Growing change: Can agriculture be good for the climate?
Aug 2, 2019 at 12:45pm
Last year California set a goal to become carbon-neutral by 2045. Some called it unrealistic, while we call it mission-critical. But how do we get there? As we search for ways to reduce greenhouse gas emissions to prevent global atmospheric temperatures from rising above 1.5 degrees and result in irreversible climate change, one of the best answers is as old as the dirt under our feet, literally.
Let’s go back to basic science. Soil naturally has large amounts of carbon. Healthy soil — soil rich in nutrients and able to retain water — holds the carbon that plants absorb from the air and bring into their root system and sequester in the soil as root and plant matter decompose. Also, healthy soil is teeming with microbes which also bring carbon deep in the soil.
Agricultural scientists across the globe, including at Stanford University and the University of California, Davis, have in recent years been making new discoveries showing that healthy soil holds more carbon than previously thought and that good soil management can serve as an important carbon sink. Soil, writes Rob Jackson of Stanford’s Woods Institute for the Environment, "is a no-risk climate solution with big co-benefits. Fostering soil health protects food security and builds resilience to droughts, floods and urbanization."

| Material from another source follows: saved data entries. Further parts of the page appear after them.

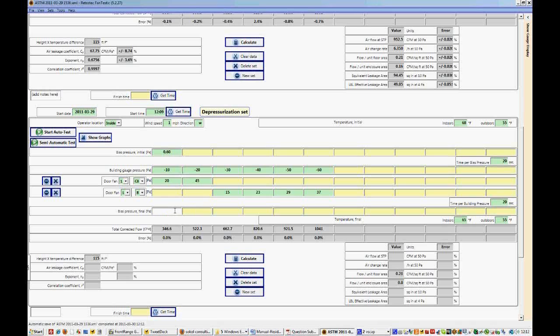So in this case we obviously didn't do that successfully, but we were able to get all the data that we needed to. And our final bias pressure, let's say, is 0.3.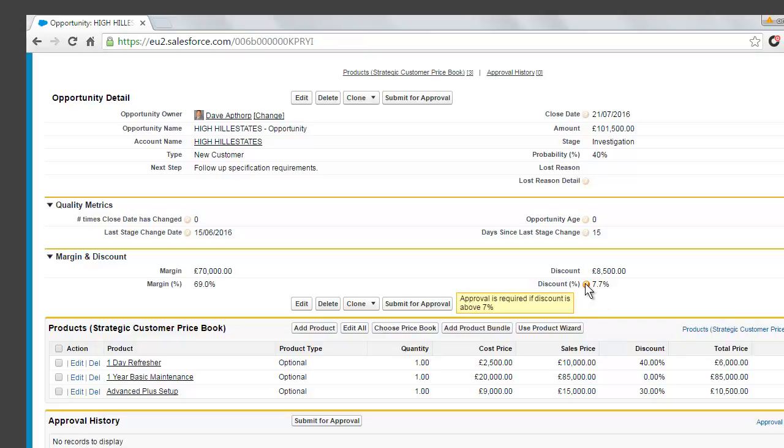So if we look at this opportunity, it's a 7.5% discount at the moment and in this company, the maximum we can offer is 7% without having approval from a manager.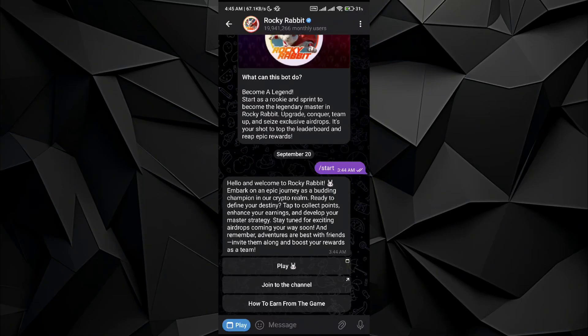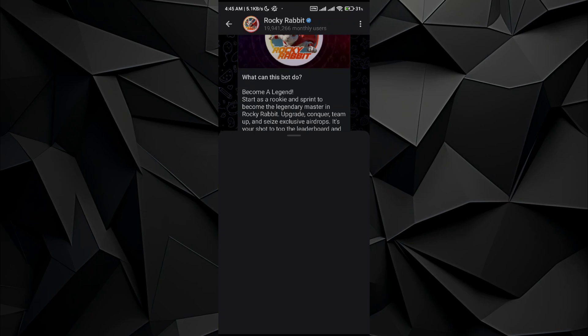Everybody, in this video I will be showing you how to apply for the Rocket Rabbit airdrop. All you have to do is have the Rocket Rabbit application on your mobile phone.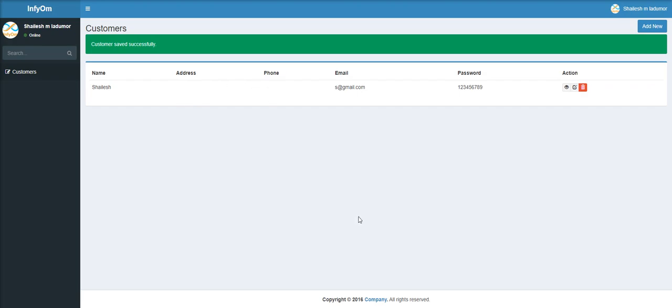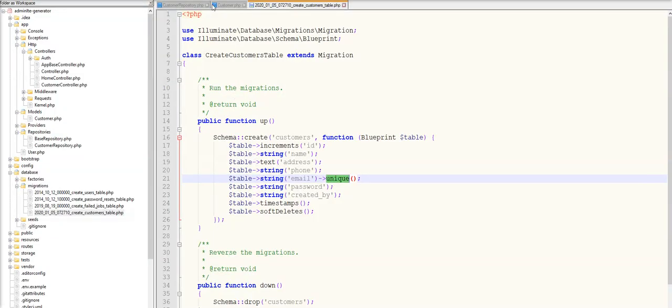Address empty and phone empty. Address is empty because the address field is not available in the form, and phone is empty because phone is not available in the fillable array. If we do not specify it in the fillable array, then Laravel will not store it in the database.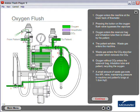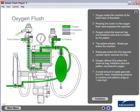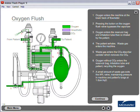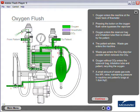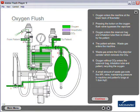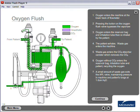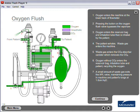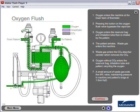Waste gas enters the CO2 absorber canister which removes the CO2. Oxygen without CO2 enters the reservoir bag and inhalation tube, recycling the oxygen back to the patient.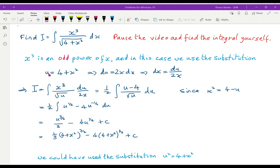With u equals 4 plus x², du equals 2x dx, so dx equals du over 2x. Substituting in, an x cancels, leaving x² on top. Since x² equals u minus 4, we get (u minus 4) over root(u) — a simple integral — then substitute back. Using u² equals 4 plus x² instead is equally valid; there's no real difference between the two approaches.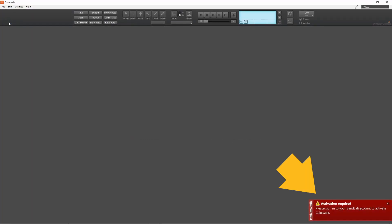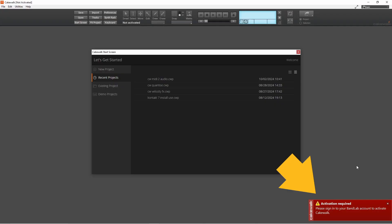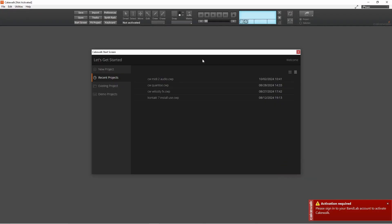If you see this activation required message, click on file.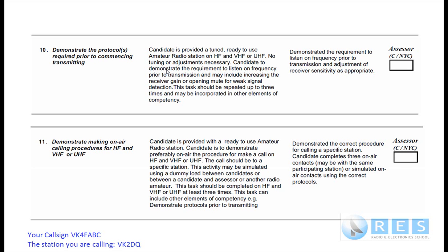Listen for a while. If you're not sure that the frequency is clear, you then put out a call: 'This is VK4FABC, is this frequency in use?' And listen. If there's no answer — you can do that a couple of times if you want to — and if there's no answer then you're free to go ahead and do competency number 11. You must check if the frequency is in use — that is competency 10 — every time you use a radio transmitter.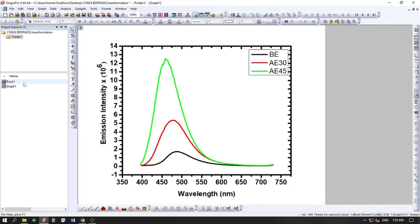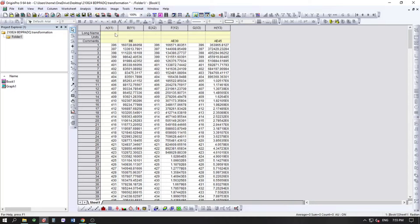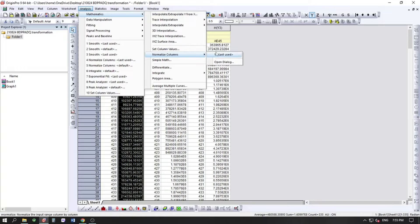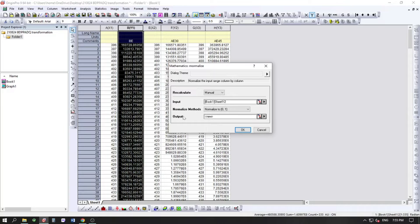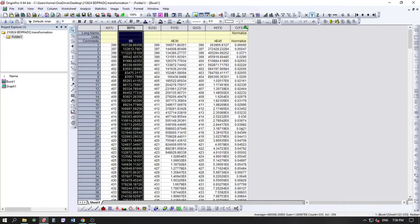First we'll normalize using the software method. Click on the data you want to normalize, then go to Analysis > Mathematics > Normalize Columns and open the dialog. Here you can choose whether to output to a new column or the same column. I want new columns, so I'll go with that.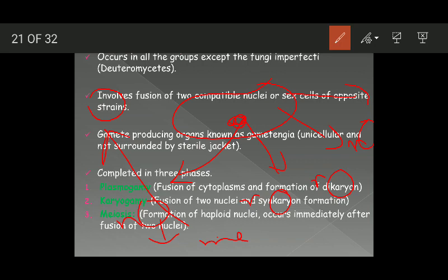During meiosis, the diploid nucleus results in the formation of four haploid nuclei. These haploid nuclei are converted to spores known as meiospores, because they have resulted as a consequence of meiosis, and these meiospores form the fungus.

Unfortunately, over the last half-century of primarily monocrop agriculture, repeated plowing and regular use of pesticides and chemical fertilizers, the average amount of carbon content in agricultural soil gradually has depleted, according to studies, which has led to the need for more fertilizer to maintain production levels. Between synthetic fertilizer and cattle growing via confined animal feeding operations to satisfy a world population hungry for meat, agriculture is a net carbon emitter — a substantial one. Agriculture accounts for about 13 percent of global greenhouse gas (GHG) emissions and 9 percent of U.S. emissions, according to the U.S. Environmental Protection Agency. When including the emissions resulting from clearing forested land to plant crops, those numbers are even bigger.

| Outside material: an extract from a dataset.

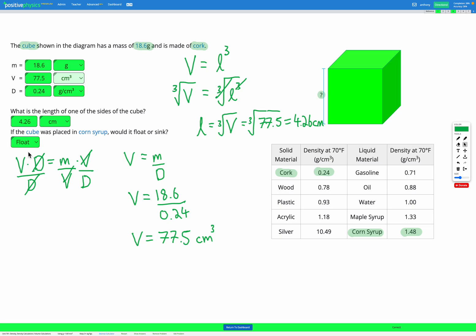These questions work exactly the same as other density questions. The only difference is that for your volume you're going to need to use an equation that includes the dimensions of the object.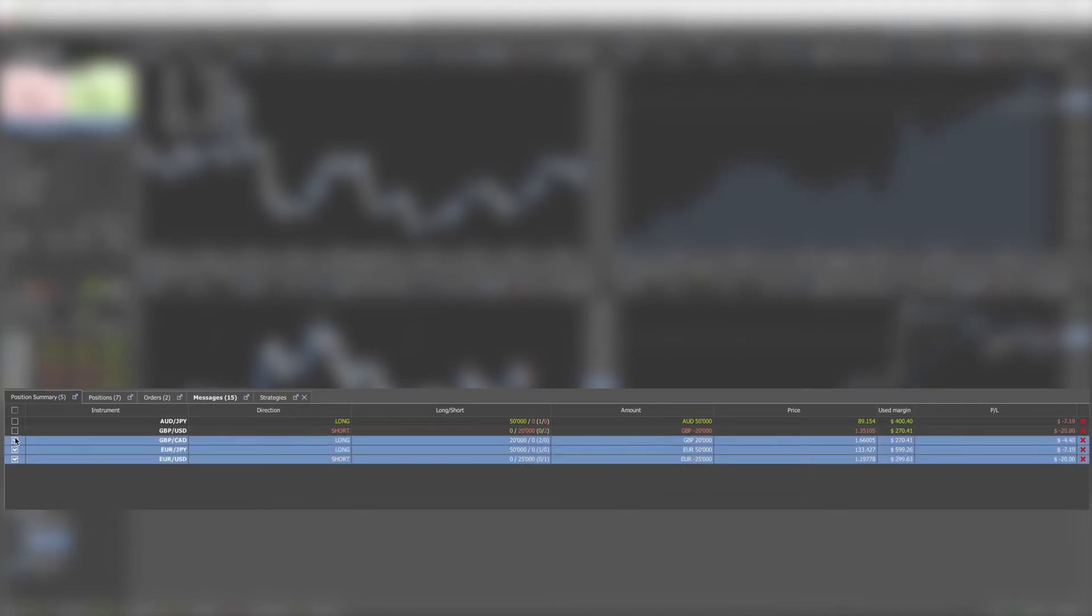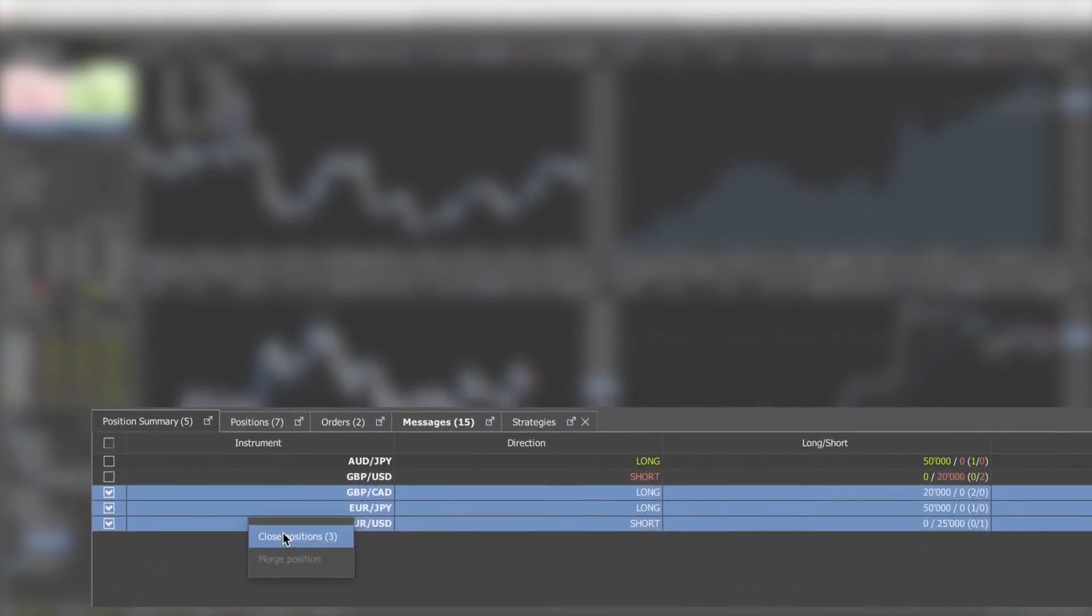An overview of all your open pairs can be found at Position Summary option. To quickly close all the positions open on an instrument, you can use the Position Summary tab. Select the instrument and click on the X or select several instruments and close all of them by right clicking on one of them and choosing Close Position.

But lately, a healthy soil movement has taken hold, focused on practices referred to as regenerative farming, offering intriguing possibilities of agriculture as a carbon sink. Often born of necessity as farmers grapple with less water, increased erosion and the rising costs of chemical fertilizer, some farmers are adopting a set of practices to make soil resilient, rich and in need of fewer inputs — and it so happens such soil is better at storing carbon underground. These regenerative practices include reduced tilling to keep decomposing organic matter in the soil; planting off-season cover crops which bring new nutrients to the soil and protect it from erosion; using compost and manure as fertilizer; and rotating crops and animal grazing among fields to give soil a chance to replenish. Collectively, these practices reduce the need for irrigation, fertilizer and herbicides.